EXERCISE DIRECTIONS
Look in the listing below for the line that has "DJ Antoine vs.", then return it and each following line up to and including the one with "Chess vs Checkers: Rules", exactly and without pictures.

DATASET RECORDS
■ ■ ■
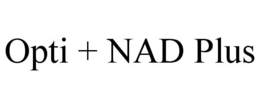 OPTI + NAD PLUS trademark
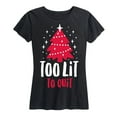 thumbnail image 1 of Instant Message - Too Lit To Quit - Women's Short Sleeve Graphic T-Shirt, 1 of 5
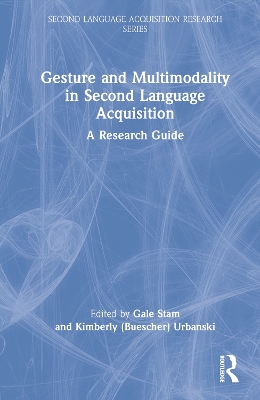 Gesture and Multimodality in Second Language Acquisition: A Research Guide book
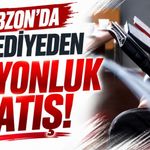 Trabzon'da belediyeden milyonluk satış!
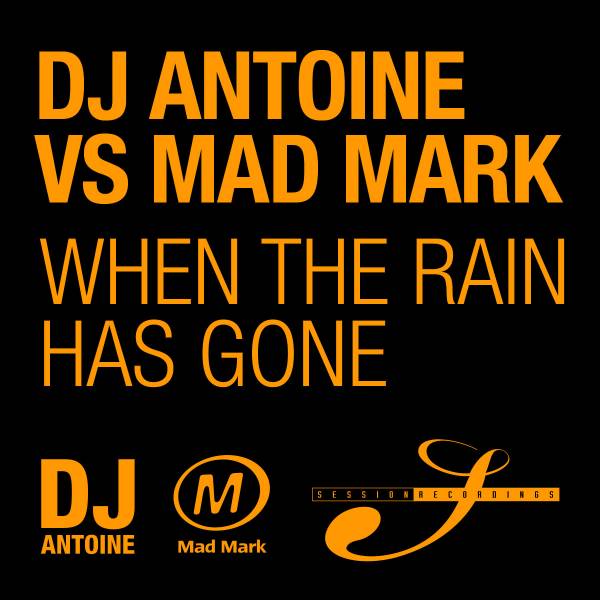 DJ Antoine vs. Mad Mark - When The Rain Has Gone (Clubzound Remix)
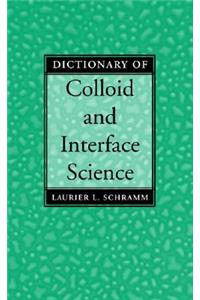 Dictionary of Colloid and Interface Science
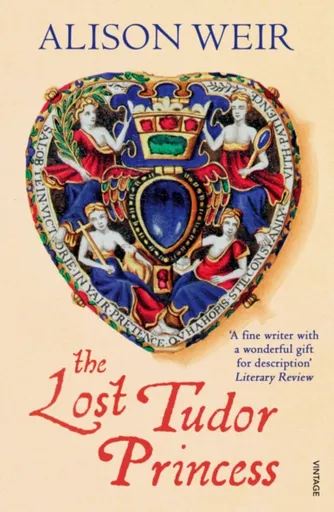 The Lost Tudor Princess - Alison Weirová
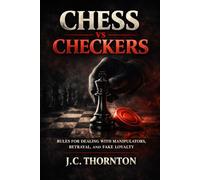 Chess vs Checkers: Rules for Dealing with Manipulators, Betrayal, and Fake Loyalty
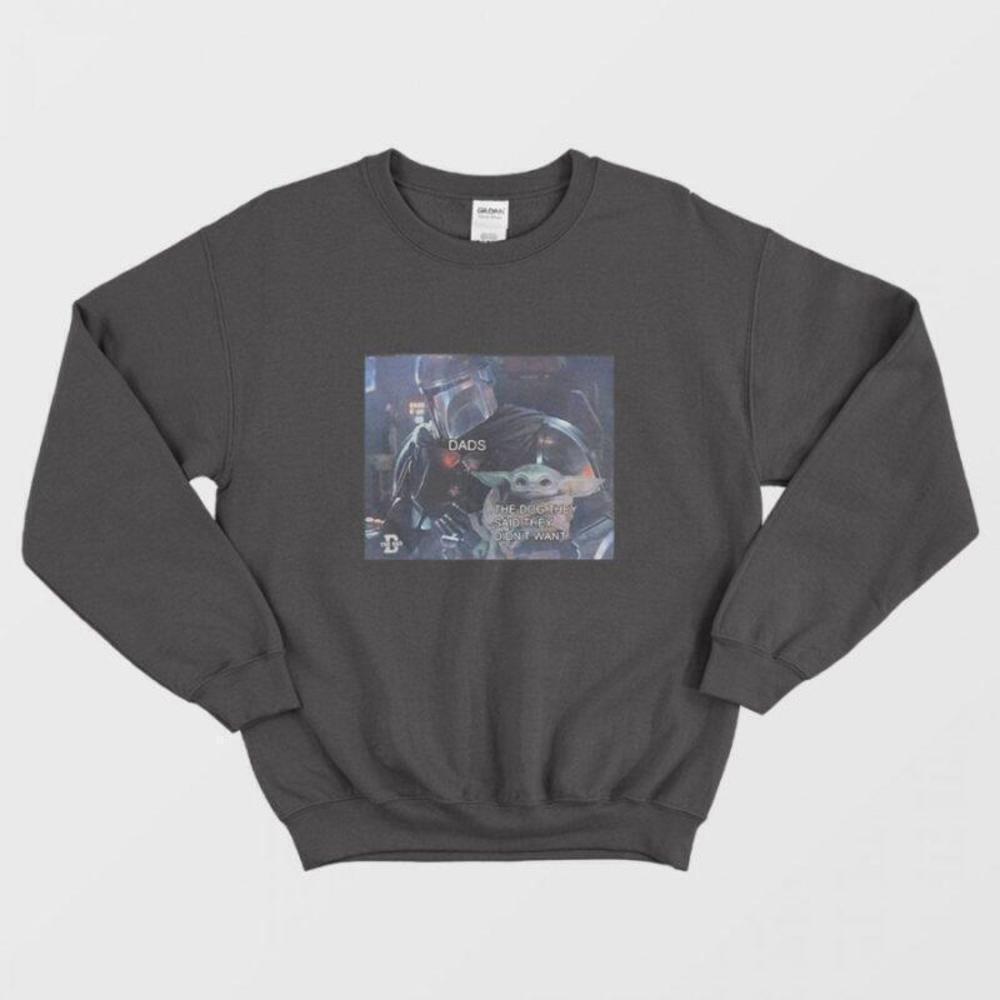 Dads The Dog They Said They Didnt Want Funny Pet Lover Dad Sweatshirt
■ ■ ■
RESPONSE BELOW
 DJ Antoine vs. Mad Mark - When The Rain Has Gone (Clubzound Remix)
 Dictionary of Colloid and Interface Science
 The Lost Tudor Princess - Alison Weirová
 Chess vs Checkers: Rules for Dealing with Manipulators, Betrayal, and Fake Loyalty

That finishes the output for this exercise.